In the listing below, find the line with "Christian mingle site" and the line with "世界杯比分平台网页版入口". Repeat those two lines and all lines between them exactly.

- _SUPPLIED ENTRIES_
+++

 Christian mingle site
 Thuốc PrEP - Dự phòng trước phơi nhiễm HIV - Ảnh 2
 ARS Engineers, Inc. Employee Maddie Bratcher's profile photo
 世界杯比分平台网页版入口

+++

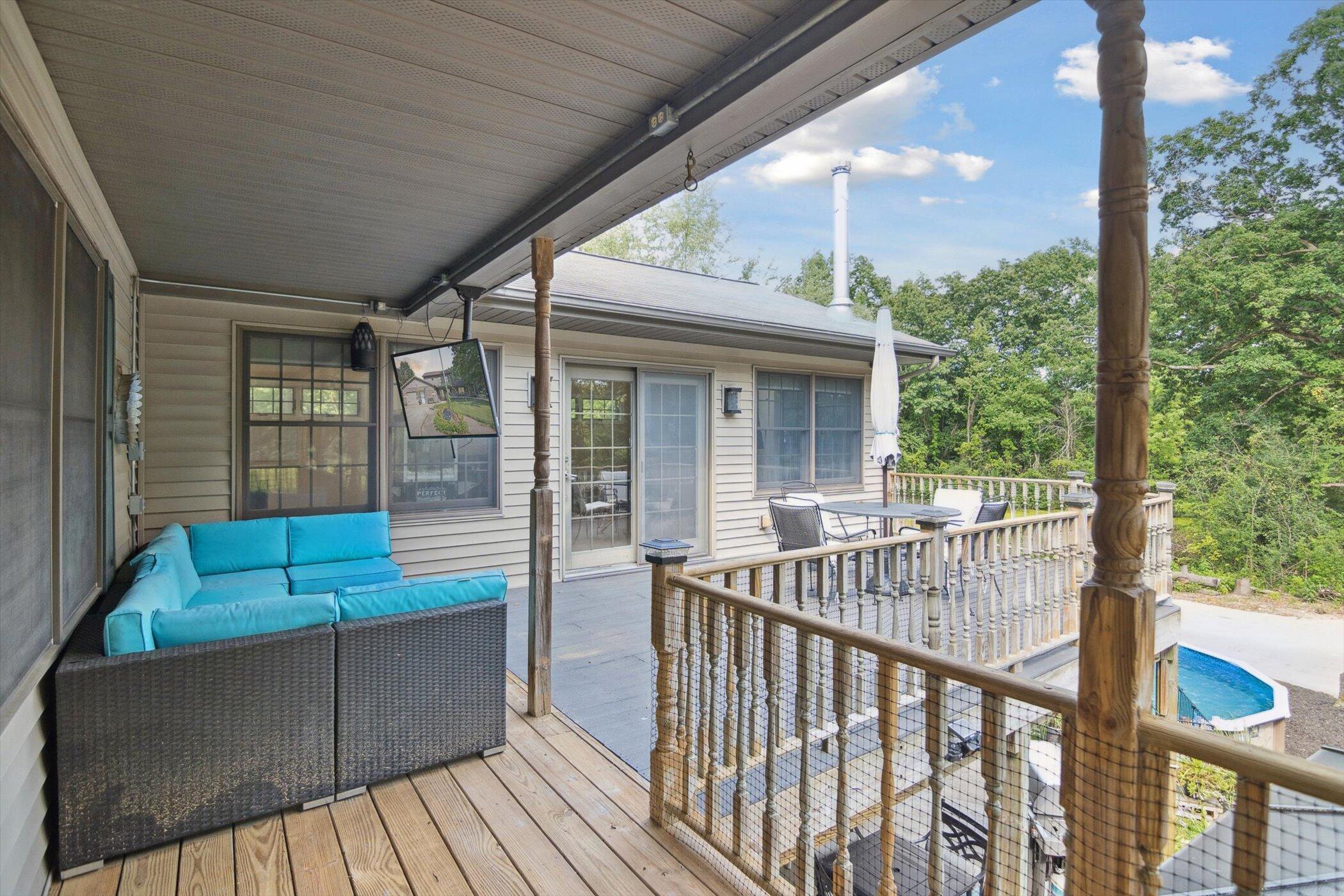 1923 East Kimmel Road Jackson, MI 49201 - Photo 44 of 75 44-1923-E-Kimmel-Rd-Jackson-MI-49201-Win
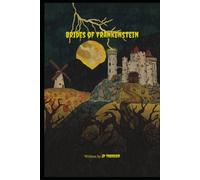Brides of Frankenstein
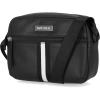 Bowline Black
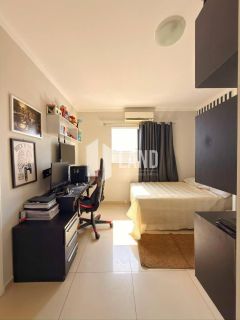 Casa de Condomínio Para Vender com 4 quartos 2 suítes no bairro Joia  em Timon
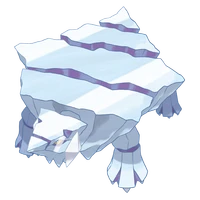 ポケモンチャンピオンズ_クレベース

+++

- _YOUR RESPONSE_
 Christian mingle site
 Thuốc PrEP - Dự phòng trước phơi nhiễm HIV - Ảnh 2
 ARS Engineers, Inc. Employee Maddie Bratcher's profile photo
 世界杯比分平台网页版入口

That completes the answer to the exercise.